Stranger Things to zjawisko. Kiedy tylko pojawił się na Netflixie, wszyscy oszaleli. Zaczęłam oglądać go jakiś tydzień po załadowaniu na Netflix, równolegle feed na moim Facebooku zaczął wariować, a znajomi bez opamiętania udostępniali artykuły, piosenki ze ścieżki dźwiękowej i wymieniali opinie na temat nowej amerykańskiej produkcji. Dlaczego 8-odcinkowy serial stał się natychmiast absolutnym hitem?
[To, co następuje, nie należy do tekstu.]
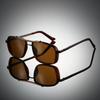 Vintage Sunglasses Men  New in Fashion Double Bridge Outdoor Shades Trendy Brand Designer Anti-UV Driving Sun Glasses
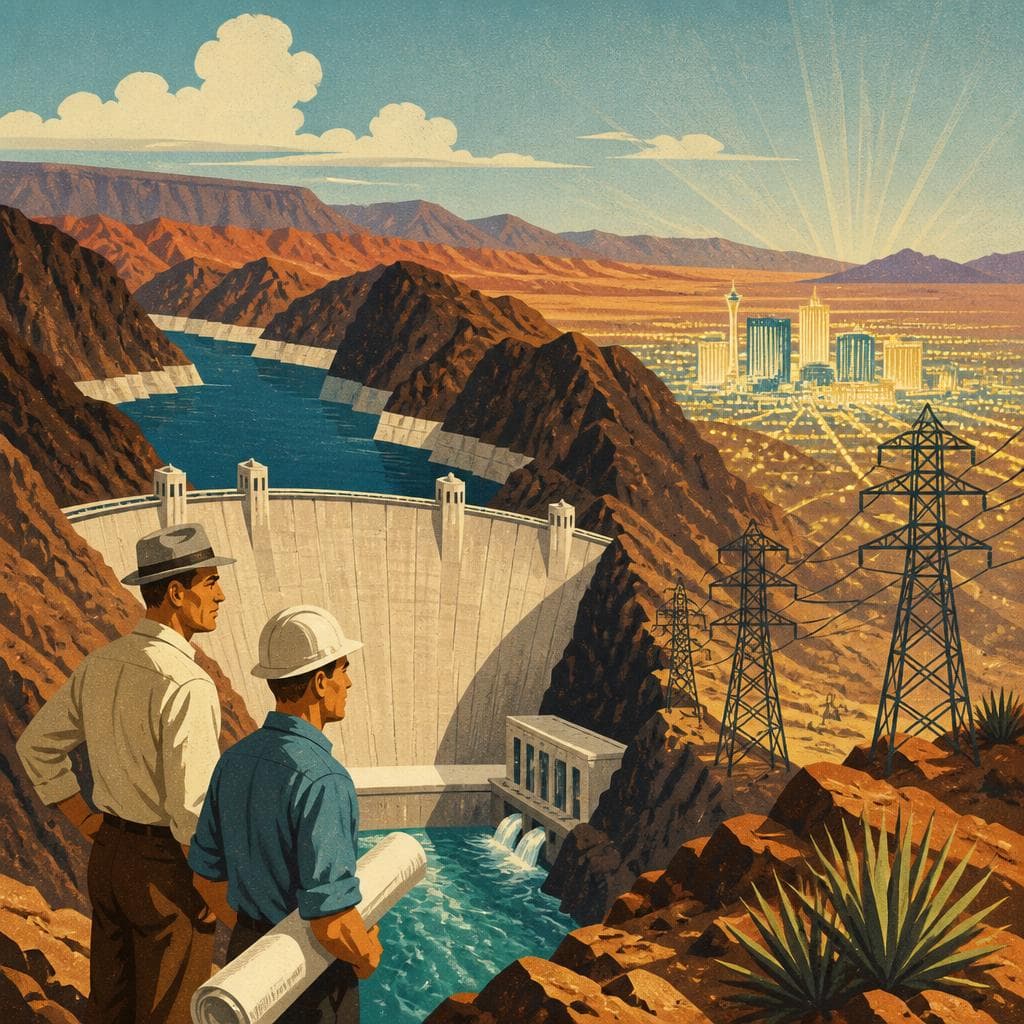 Cover art for The Dam That Powered the Desert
Nie wiem, od czego zacząć, więc zacznę od początku. Właściwa fabuła serialu (czas akcji: lata 80.) rozpoczyna się w momencie, kiedy znika dziesięcioletni chłopiec – Will. Wszystko wskazuje na to, że doszło do nieszczęśliwego wypadku, a Will utonął. Okazuje się jednak, że w sprawa zaginięcia chłopca jest powiązana nie tylko ze zjawiskami paranormalnymi, ale również z tajnymi badaniami amerykańskiego rządu, który od samego początku wie, co stało się małemu Willowi. Rozpoczyna się wyścig z czasem.

Stranger Things (reżyseria: Matt i Ross Duffer) jest osadzony w małym amerykańskim miasteczku Hawkins w stanie Indiana – można absolutnie zakochać się w klimacie miejsca, w którym dzieje się akcja. Lasy, małomiasteczkowe życie, jeden supermarket i szeryf, który ma problem z alkoholem (w tej roli świetny David Harbour). Matkę zaginionego chłopca i jego starszego brata gra fenomenalna Winona Ryder, która udowodniła swój aktorski kunszt, wcielając się w rolę emocjonalnie niestabilnej matki, która za wszelką cenę chce dowiedzieć się, co naprawdę stało się z jej synem.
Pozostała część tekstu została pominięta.